Sebelumnya, tongkat ini tidak pernah ditemukan di Finlandia, meskipun beberapa patung ular dengan bentuk serupa telah ditemukan pada situs arkeologi Neolitikum di wilayah Baltik Timur dan Rusia.
Foto: Satu Koivisto
“Mereka tidak menyerupai ular sungguhan, seperti yang satu ini,” kata Satu Koivisto, seorang arkeolog Universitas Turku, melalui surel. “Rekan saya menemukannya di salah satu parit musim panas lalu. Awalnya saya pikir dia bercanda, tetapi ketika saya melihat kepala ular itu, itu membuat saya merinding.”
“Saya pribadi tidak suka dengan ular yang hidup, tetapi setelah penemuan ini, saya mulai menyukainya,” tambahnya.
Koivisto dan rekannya Antti Lahelma merupakan penulis studi terkait ular kayu yang dipublikasikan dalam jurnal Antiquity.
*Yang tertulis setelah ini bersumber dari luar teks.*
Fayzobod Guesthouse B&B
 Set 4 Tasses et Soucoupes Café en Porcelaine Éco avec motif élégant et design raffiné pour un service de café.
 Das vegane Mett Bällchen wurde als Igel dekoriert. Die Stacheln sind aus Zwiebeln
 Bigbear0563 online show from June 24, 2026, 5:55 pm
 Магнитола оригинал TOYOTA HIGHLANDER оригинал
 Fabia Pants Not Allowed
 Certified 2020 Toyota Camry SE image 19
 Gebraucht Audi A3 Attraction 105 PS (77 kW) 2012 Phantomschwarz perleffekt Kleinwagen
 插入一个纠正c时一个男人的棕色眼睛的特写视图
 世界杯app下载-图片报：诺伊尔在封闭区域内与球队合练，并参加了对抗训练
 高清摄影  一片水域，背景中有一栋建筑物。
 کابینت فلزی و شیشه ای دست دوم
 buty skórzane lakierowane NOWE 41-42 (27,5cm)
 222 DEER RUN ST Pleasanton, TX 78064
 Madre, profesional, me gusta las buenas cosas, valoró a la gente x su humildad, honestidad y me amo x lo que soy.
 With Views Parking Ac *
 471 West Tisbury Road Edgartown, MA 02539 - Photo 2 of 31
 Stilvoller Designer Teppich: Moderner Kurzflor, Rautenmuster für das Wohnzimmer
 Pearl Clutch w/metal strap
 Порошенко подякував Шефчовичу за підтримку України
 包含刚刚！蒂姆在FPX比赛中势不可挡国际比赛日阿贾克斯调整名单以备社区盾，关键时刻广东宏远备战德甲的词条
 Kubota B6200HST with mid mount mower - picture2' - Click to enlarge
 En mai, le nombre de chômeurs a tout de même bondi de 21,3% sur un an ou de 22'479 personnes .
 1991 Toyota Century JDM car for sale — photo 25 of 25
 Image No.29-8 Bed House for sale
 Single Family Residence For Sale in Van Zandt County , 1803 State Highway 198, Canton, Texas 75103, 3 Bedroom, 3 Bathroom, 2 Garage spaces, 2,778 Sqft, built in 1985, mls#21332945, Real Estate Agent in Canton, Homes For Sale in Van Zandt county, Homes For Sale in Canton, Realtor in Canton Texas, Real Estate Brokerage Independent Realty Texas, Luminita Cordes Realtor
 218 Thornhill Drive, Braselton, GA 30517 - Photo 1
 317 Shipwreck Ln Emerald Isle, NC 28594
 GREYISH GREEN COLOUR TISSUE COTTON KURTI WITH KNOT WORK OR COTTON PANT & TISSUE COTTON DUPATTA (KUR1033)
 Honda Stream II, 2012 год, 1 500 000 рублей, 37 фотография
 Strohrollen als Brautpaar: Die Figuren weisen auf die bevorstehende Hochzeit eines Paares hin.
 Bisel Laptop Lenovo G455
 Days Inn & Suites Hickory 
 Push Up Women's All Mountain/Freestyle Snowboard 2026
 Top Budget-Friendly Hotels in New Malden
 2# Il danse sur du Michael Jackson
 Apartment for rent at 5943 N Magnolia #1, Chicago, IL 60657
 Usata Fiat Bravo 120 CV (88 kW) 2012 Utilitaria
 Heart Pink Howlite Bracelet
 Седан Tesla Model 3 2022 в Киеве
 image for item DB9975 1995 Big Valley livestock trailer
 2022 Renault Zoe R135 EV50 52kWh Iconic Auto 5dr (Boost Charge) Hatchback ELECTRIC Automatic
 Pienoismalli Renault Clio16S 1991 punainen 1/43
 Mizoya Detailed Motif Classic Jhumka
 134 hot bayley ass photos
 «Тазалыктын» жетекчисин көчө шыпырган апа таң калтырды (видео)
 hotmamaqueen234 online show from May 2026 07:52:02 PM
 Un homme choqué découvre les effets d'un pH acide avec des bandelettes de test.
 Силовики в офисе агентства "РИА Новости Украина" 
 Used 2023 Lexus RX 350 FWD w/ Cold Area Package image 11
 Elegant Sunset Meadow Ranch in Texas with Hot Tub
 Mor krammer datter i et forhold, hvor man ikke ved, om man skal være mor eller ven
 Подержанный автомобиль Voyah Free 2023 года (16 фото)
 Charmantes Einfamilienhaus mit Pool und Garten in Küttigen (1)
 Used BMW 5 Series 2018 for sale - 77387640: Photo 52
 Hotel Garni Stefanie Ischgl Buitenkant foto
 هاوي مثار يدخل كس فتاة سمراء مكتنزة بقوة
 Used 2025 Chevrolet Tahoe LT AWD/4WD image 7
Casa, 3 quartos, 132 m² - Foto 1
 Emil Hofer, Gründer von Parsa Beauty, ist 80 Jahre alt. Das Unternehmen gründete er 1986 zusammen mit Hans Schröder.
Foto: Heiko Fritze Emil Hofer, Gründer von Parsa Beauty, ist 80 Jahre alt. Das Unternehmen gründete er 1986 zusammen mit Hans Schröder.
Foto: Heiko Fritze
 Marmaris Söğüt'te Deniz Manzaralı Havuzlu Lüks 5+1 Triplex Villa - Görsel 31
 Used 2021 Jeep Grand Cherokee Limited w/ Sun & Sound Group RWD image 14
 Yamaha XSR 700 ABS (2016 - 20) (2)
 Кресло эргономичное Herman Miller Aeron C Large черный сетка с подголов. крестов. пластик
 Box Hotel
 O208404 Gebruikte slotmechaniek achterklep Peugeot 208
Mereka menyakini tongkat ini digunakan dalam ritual magis oleh seorang cenayang atau dukun, yaitu orang yang dapat berkomunikasi dengan roh-roh dengan cara yang mirip dengan “orang kedokteran” dalam kepercayaan tradisional suku asli Amerika.
Seni batu kuno dari Finlandia dan utara Rusia menunjukan gambar manusia yang tampak seperti ular di tangan mereka, diyakini merupakan gambaran para shaman yang menggunakan tongkat ritual kayu yang diukir menyerupai ular.
Lahelma mengatakan bahwa ular merupakan hewan yang sakral di wilayah tersebut.
“Ini mengingatkan pada shamanisme utara dari periode sejarah, di mana ular memiliki peran khusus sebagai hewan pembantu roh bagi shaman. Meskipun celah waktu sangat besar, kemungkinan adanya suatu bentuk kelanjutan sangat menarik. Apakah kita memiliki tongkat seorang cenayang Zaman Batu?” tambah Lahelma.
Koivisto dan Lahelma mengklaim bahwa kayu ini menyerupai ular rumput atau ular belati Eropa dalam posisi meluncur atau berenang menjauh. Lokasi penemuan kemungkinan besar adalah lahan basah yang subur pada saat "hilang, dibuang, atau sengaja diletakkan," demikian disampaikan oleh para peneliti.
Biasanya, kayu akan membusuk jika terpapar oksigen di udara atau air, tetapi endapan di dasar rawa, sungai, dan danau dapat menutupi beberapa objek organik dan mengawetkannya selama ribuan tahun.
Situs di dekat Jarvensuo diyakini berada di tepi danau dangkal ketika ditempati oleh kelompok orang pada Zaman Batu Akhir. Penggalian terbaru telah menghasilkan banyak sisa organik yang memungkinkan para arkeolog membuat catatan yang lebih lengkap tentang situs tersebut. Temuan tersebut melibatkan alat kayu dengan pegangan berbentuk beruang, dayung kayu, dan pelampung jaring ikan yang terbuat dari kulit pinus dan betula.
"Betapa hal yang luar biasa," kata Peter Rowley-Conwy, seorang arkeolog dan profesor emeritus dari Universitas Durham di Inggris, yang tidak terlibat dalam penelitian tersebut. "Bagian 'kepala' tampak pasti telah diukir dengan cermat."
Foto: Satu Koivisto
"Lahan basah menjadi lebih penting bagi kita daripada sebelumnya, karena kerentanannya dan degradasi sumber data organik yang rapuh dari drainase, penggunaan lahan, dan perubahan iklim," katanya.
"Kita harus bergegas, sebelum bahan berharga ini benar-benar hilang," tambahnya.